Cooking a ribeye steak can be a little daunting if it’s your first time around, but using a few simple steps, you can be converted! Our first tip is to use the reverse-sear method as it’s a thick cut of steak so this will allow you to get a more even and consistent cook. Secondly, you must get your hands on a thermometer to ensure the steak is cooked to your liking. We’ve served it alongside some roasted brussel sprouts and carrots, with some yorkshire puddings and a red wine gravy. So if you’re wanting to recreate some classic pub fair at home, this recipe is for you!
125g plain flour
750g ribeye steak, bone in
Seasonal veg - we used dutch carrots and brussel sprouts
6 tsp vegetable oil
1 garlic clove, bruised
2 shallots, sliced or quartered
250ml beef stock
4 sprigs of thyme
1 tsp red wine vinegar
1 tsp sugar
Knob of butter
Take the steak out of the fridge to bring to room temperature.
Preheat the oven to 120 degrees celsius.
Crack eggs into a large bowl and whisk well.
Slowly add in flour and salt, while continuing to whisk, until a smooth batter forms.
Now add in the milk and whisk until combined. Set aside for half an hour.
Salt the steak on both sides and place in the preheated oven on a rack. Place a tray in the lower rack to collect the drippings for an easy clean up.
Cook steak until the internal temperature reaches 45 degrees celsius. This usually takes around 45 mins.

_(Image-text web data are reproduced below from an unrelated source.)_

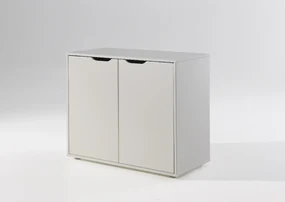 Dulap cu 2 uși din colecția Pino, din MDF lăcuit alb, cu raft interior – Vipack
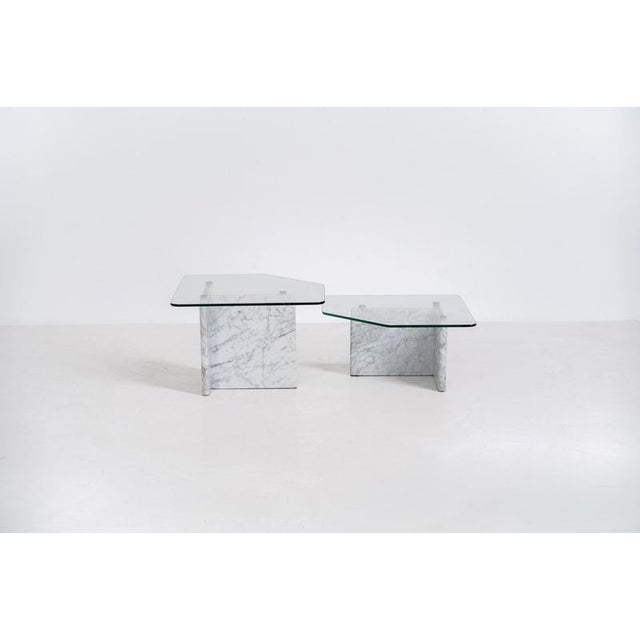 Marble & Glass Coffee Tables, Set of 2 For Sale - Image 4 of 11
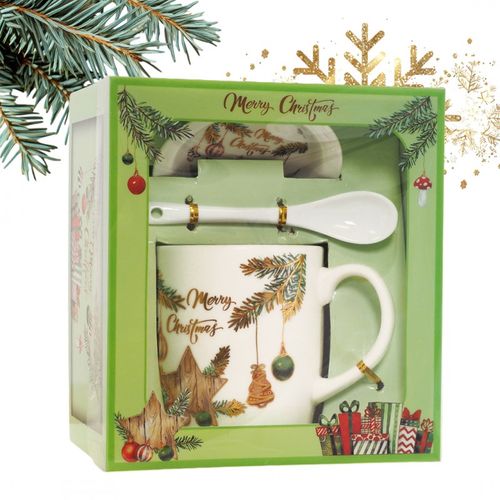 kubek świąteczny - zestaw w pudełku ze spodkiem i łyżeczką 400 ml kb16wz4 na Arena.pl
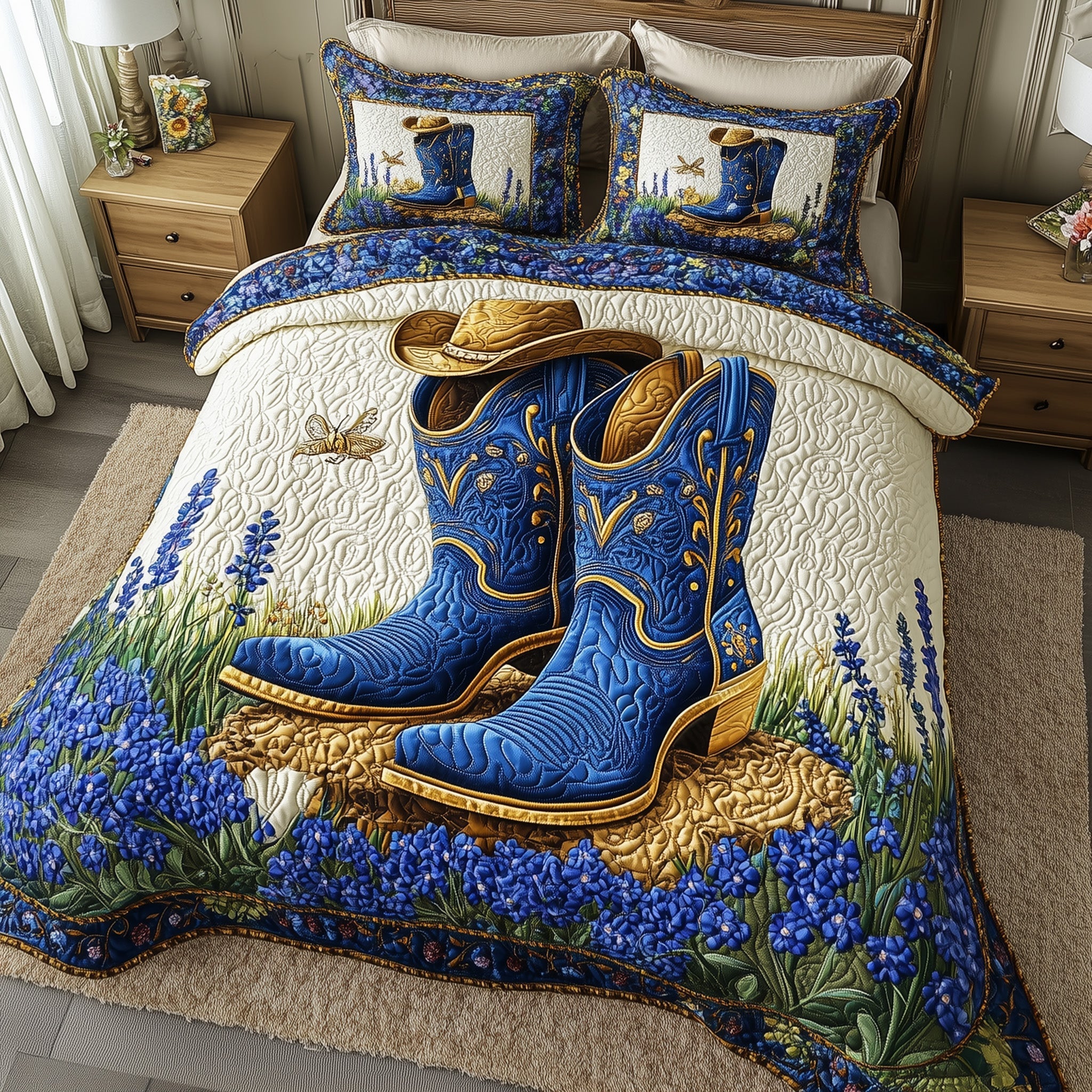 Bluebonnets Charm 3-Piece Quilted Bedding Set GFTOTL3205
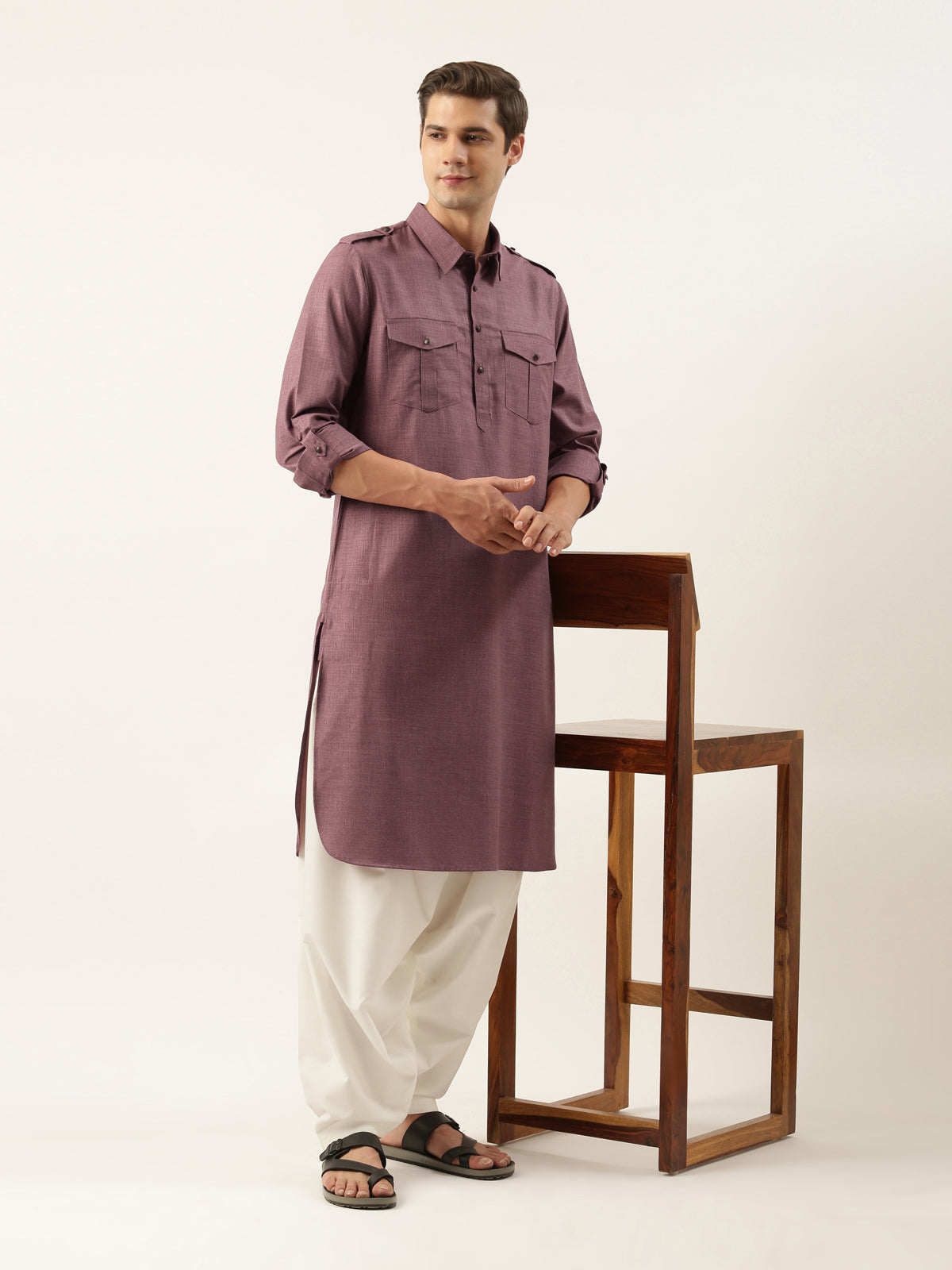 Purple Pure cotton Pathani with Salwar Set
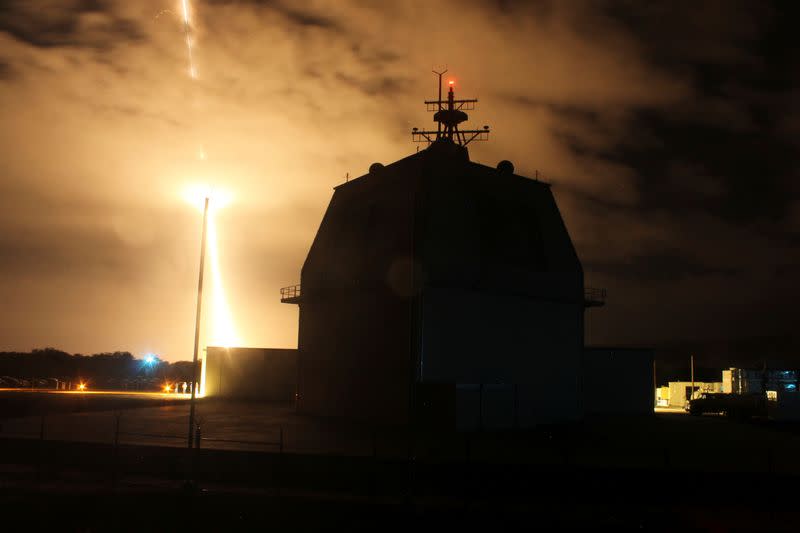 FILE PHOTO: Intercept flight test of a land-based Aegis Ballistic Missile in Kauai, Hawaii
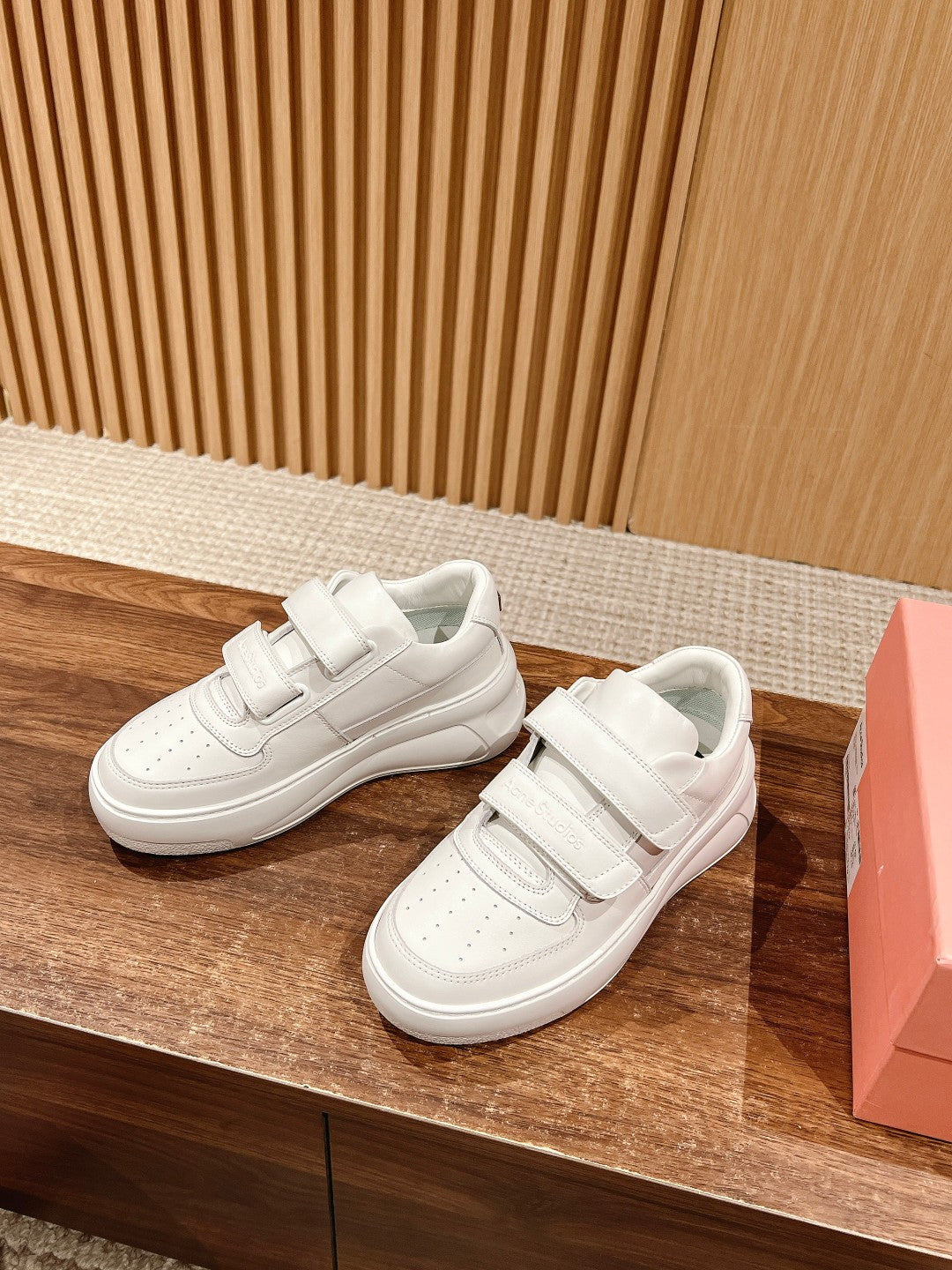 ACNE STUDIOS Boutique Chunky-Sole Smile-Face Velcro Sneakers, White Logo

Remove the steak from the oven when testing the temperature using a thermometer.
Turn the oven up to 200 degrees and cook vegetables of your choice with some olive oil and salt and pepper.
Pour 1 tsp vegetable oil into each hole of a 6 muffin tin and place in the hot oven to heat the oil.
After 10 minutes, pull out the muffin tin and evenly pour the yorkshire pudding batter into each hole and place in the oven to cook for 15-20 minutes.
Place a cast iron fry pan over high heat and massage some olive oil and salt into the piece of steak.
Once hot, add the steak to the pan and cook for around 3 minutes on each side until perfectly seared.
Remove from the pan and rest.
In the same pan, add a dash of olive oil and add the shallots and garlic. Cook on low for a few minutes, before deglazing the pan with the red wine.
Reduce the wine for a couple of minutes and then add in the stock, thyme leaves, red wine vinegar and sugar.
Cook sauce on medium-low until it has thickened. Season with freshly ground pepper and add in a knob of butter.
Once the steak has rested for 10 minutes, cut alongside the bone to remove it, then slice the steak against the grain into 1cm thick pieces.
Serve alongside roasted veg, yorkshire puddings and a drizzle of the red wine gravy.